Fu lui, insieme a Franco Baldini, a portare a Roma un’utopia, l’idea di un calcio rivoluzionario che per una stagione accarezzò la Capitale. Walter Sabatini è l’uomo che nel 2011 scelse Luis Enrique, l’«hombre vertical», per guidare la prima Roma americana, un progetto tanto affascinante quanto incompreso da un ambiente che, come racconta lo stesso Sabatini, non lo trattò «decorosamente». Oggi, con quel tecnico sul tetto del mondo dopo aver demolito il Real Madrid e conquistato la finale del Mondiale per Club con il suo PSG, nessuno meglio dell’ex direttore sportivo può analizzare la trasformazione del tecnico spagnolo. In una lunga intervista a La Gazzetta dello Sport, Sabatini svela i retroscena di quell’annata romana e spiega perché lo stesso uomo, con la stessa filosofia, oggi è semplicemente il migliore.
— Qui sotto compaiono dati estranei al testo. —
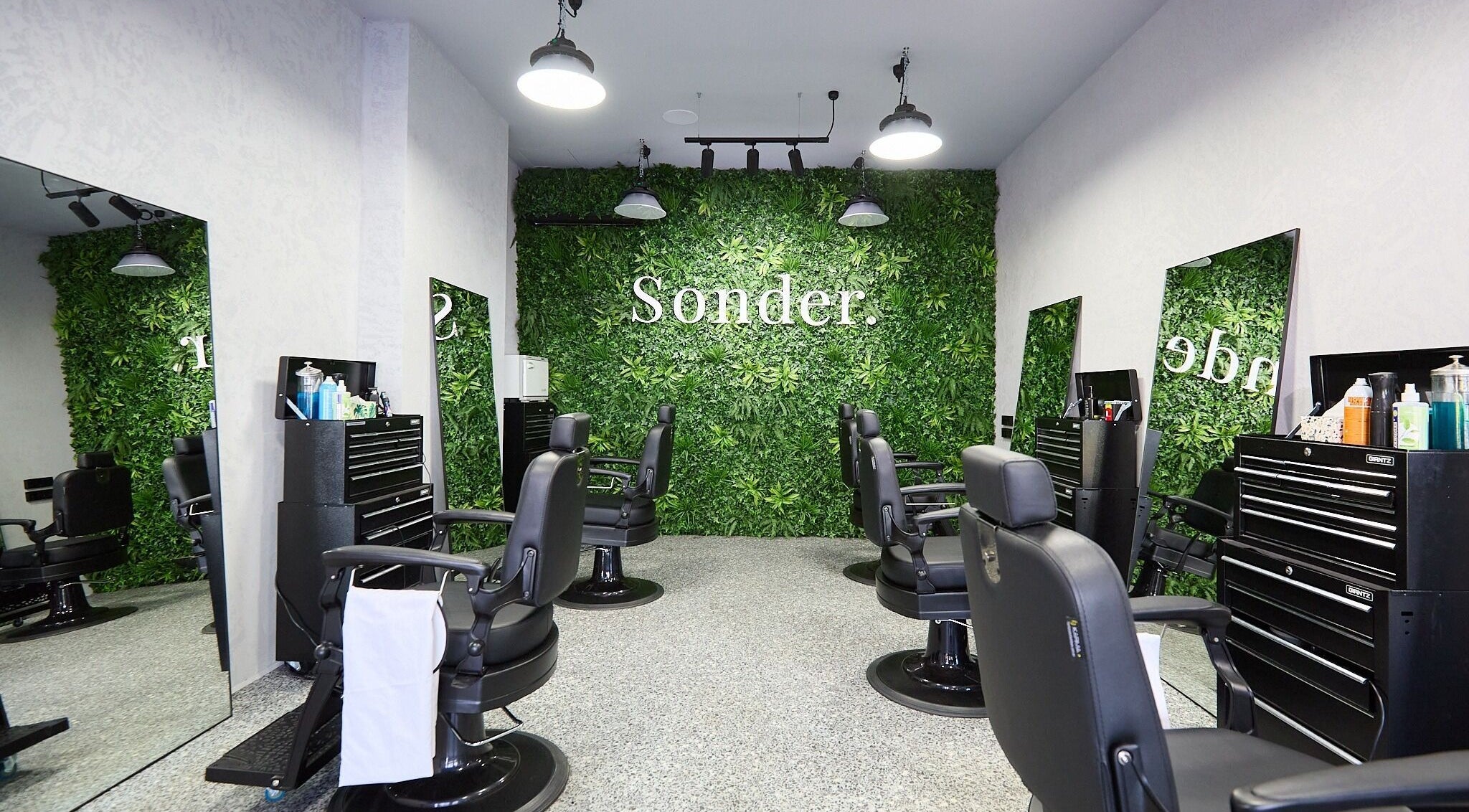 Chic interior of Sonder Mens | Bondi Junction, featuring lush greenery walls in Bondi Junction, New South Wales, AU.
SI RICORDA DI LUIS ENRIQUE – «Certo, ho affetto e stima profonda sia per l’uomo sia per l’allenatore. Me lo segnalò Dario Canovi, che era in contatto con il suo agente. Poi mandai Ricky Massara e Pasquale Sensibile a vedere un paio di partite del Barcellona B. E tornarono estasiati dal suo modo di giocare».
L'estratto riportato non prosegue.